+++ RECORDS PROVIDED

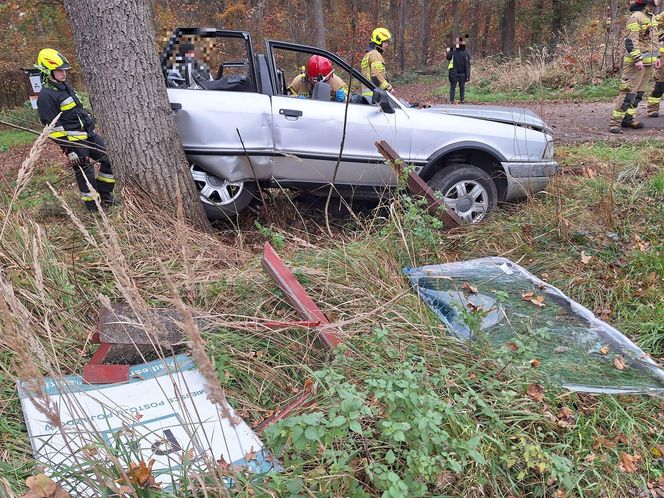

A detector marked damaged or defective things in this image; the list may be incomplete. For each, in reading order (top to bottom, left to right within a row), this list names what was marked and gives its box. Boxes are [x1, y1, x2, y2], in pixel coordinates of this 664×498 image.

crashed car [161, 27, 556, 222]
dented car body [163, 27, 556, 222]
broken wooden plank [374, 139, 462, 227]
broken wooden plank [260, 242, 342, 350]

++++++

• **WORK REQUIRED**
In your copy, reproduce the data above exactly and skip every picture.

• **ANSWER FOR THIS EXERCISE**
A detector marked damaged or defective things in this image; the list may be incomplete. For each, in reading order (top to bottom, left to right within a row), this list names what was marked and gives its box. Boxes are [x1, y1, x2, y2], in pixel coordinates of this 664×498 image.

crashed car [161, 27, 556, 222]
dented car body [163, 27, 556, 222]
broken wooden plank [374, 139, 462, 227]
broken wooden plank [260, 242, 342, 350]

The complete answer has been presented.